She hated that face. And the tone of voice. She wasn’t a child. He shouldn’t speak to her like he spoke to… She stared at the dark mass on the horizon. It was just darkness. How could he imagine there was anything called ‘safety’ in that wilderness?

He tugged her hands, gently at first, then with more insistence. “Come on. The sun’s almost gone. It’ll be more difficult in the dark.”

Reluctantly, she got to her feet. They were the only ones left. No one else had made it, not even Evie. She made herself say the name in her head, the name that always started a chain reaction of childish laughter and high-pitched shrieks of excitement. It was a gale of laughter that had given them away. Evie had attracted the sensors. She was the one they went for first.

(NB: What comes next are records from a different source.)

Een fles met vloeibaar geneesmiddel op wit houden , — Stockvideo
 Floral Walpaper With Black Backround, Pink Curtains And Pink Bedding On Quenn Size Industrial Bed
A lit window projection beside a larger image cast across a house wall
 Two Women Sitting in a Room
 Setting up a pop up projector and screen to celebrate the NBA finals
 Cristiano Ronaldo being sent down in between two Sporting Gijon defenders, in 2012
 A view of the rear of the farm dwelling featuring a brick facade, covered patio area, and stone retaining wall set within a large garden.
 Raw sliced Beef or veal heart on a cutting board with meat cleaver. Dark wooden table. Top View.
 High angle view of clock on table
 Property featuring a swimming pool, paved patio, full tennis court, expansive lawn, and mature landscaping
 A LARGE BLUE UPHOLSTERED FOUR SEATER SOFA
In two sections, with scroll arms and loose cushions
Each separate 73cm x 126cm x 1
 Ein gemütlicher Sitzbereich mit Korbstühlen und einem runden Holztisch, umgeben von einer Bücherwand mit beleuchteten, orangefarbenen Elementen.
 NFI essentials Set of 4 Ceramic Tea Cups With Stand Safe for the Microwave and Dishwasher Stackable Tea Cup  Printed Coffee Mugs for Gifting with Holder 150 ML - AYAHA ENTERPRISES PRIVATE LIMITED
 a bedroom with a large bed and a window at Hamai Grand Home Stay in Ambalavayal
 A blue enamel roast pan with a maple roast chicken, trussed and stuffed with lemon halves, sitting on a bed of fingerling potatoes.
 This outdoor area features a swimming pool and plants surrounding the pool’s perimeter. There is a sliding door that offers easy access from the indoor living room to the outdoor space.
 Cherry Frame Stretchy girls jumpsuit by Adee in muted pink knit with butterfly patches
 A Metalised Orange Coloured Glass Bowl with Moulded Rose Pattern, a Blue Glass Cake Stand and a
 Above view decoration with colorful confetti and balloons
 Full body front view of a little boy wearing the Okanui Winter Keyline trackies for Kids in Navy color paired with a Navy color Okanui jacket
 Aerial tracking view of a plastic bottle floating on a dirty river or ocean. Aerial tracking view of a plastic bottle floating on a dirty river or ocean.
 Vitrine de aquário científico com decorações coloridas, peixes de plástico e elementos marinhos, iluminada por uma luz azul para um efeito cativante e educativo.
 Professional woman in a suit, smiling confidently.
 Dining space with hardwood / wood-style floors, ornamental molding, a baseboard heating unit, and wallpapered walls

She stood, gaunt against the dying light, gaunt from months of living on her nerves with her grief. Nothing mattered much anyway. She shrugged off the hands that had no more power to protect or console. She strode towards the dark line that might or might not be the sea. He was at her side, then moving ahead, eager to see the chimera that she had no faith in. He was yards ahead when the strange mechanical clanking started.

“The thing, the relic,” she wailed. “It’s moving.”

Broad paddles lurched into movement, turning on a pivot, slowly but powerfully. The setting sun flickered on off on off as the paddles cut across its fading beams, and the paddles pivoted. The relic turned on its axis, like a satellite dish—its chopped up, moving clock face stared straight at them.

“Run!” His hoarse croak of a cry bounced off her as he bolted for the distant line of shadow. She stood, waiting. There was no point. She turned her eyes away when the beam of light shot out from the relic and in its brilliance, reduced him to glittering ash.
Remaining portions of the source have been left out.